Unbabel-comet

Latest version: v2.2.5

Safety actively analyzes 723650 Python packages for vulnerabilities to keep your Python projects secure.

Page 2 of 3

2.1.1

Minor bug fix on MBR default model.
Rollback to CometKiwi-22 as default QE model (due to being lightweight)
Minor dependencies update

2.1.0

Released of CometKiwi [-XL](https://huggingface.co/Unbabel/wmt23-cometkiwi-da-xl) and [-XXL](https://huggingface.co/Unbabel/wmt23-cometkiwi-da-xxl)

Bump torchmetrics ("^0.10.2") and Pytorch Lightning ("^2.0.0") (159)

Update on MODELS.md and LICENSE.models.md documentation.

2.0.2

Minor bug fix, update HF hub and released [CometKiwi model](https://huggingface.co/Unbabel/wmt22-cometkiwi-da):
- Bump Hugging Face Hub (^0.16.0)
- Added flexibility to checkpoint download (156 )
- [CometKiwi](https://huggingface.co/Unbabel/wmt22-cometkiwi-da) model is finally released. It's open-source with a non-commercial license.

2.0.1

2.0.0

- **New model architecture (UnifiedMetric)** inspired by [UniTE](https://aclanthology.org/2022.acl-long.558/).
- This model uses cross-encoding (similar to [BLEURT](https://aclanthology.org/2020.acl-main.704/)), works **with and without references** and can be trained in a multitask setting.

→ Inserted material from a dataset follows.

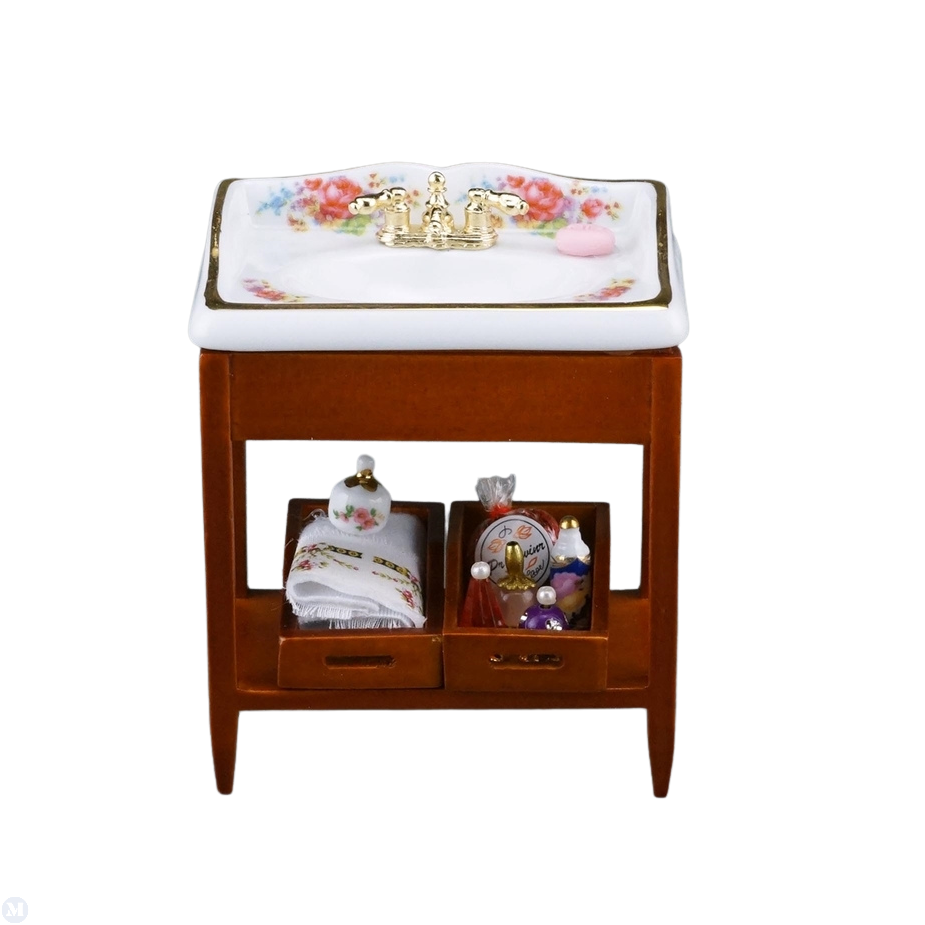 Reutter Porcelain - Dollhouse Miniature Dresden Rose Sink on Wooden Stand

This model is also implemented in a **very flexible** way where we can decide to train using just source and MT, reference and MT or source, MT and reference.

- New encoder models [RemBERT](https://arxiv.org/abs/2010.12821) and [XLM-RoBERTa-XL](https://arxiv.org/pdf/2105.00572.pdf)

- New training features:
- **System-level accuracy** [(Kocmi et al, 2021)](https://aclanthology.org/2021.wmt-1.57.pdf) reported during validation (only if validation files has a `system` column).
- **Support for multiple training files** (each file will be loaded at the end of the corresponding epoch): This is helpful to **train with large datasets** and to **train following a curriculum**.
- **Support for multiple validation files**: Before we were using 1 single validation file with all language pairs concatenated which has an impact in correlations. With this change we now can have 1 validation file for each language and correlations will be averaged over all validation sets. This also allows for the use of validation files where the ground truth scores are in different scales.
- **Support to HuggingFace Hub**: Models can now be easily added to HuggingFace Hub and used directly using the CLI

- With this release we also add **New models from WMT 22**:
1) We won the WMT 22 QE shared task: Using UnifiedMetric it should be easy to replicate our final system, nonetheless we are planning to release the system that was used: `wmt22-cometkiwi-da` which performs strongly both on data from the QE task (MLQE-PE corpus) and on data from metrics task (MQM annotations).
2) We were 2nd in the Metrics task (1st place was MetricXL a 6B parameter metric trained on top of mT5-XXL). Our new model `wmt22-comet-da` was part of the ensemble used to secure our result.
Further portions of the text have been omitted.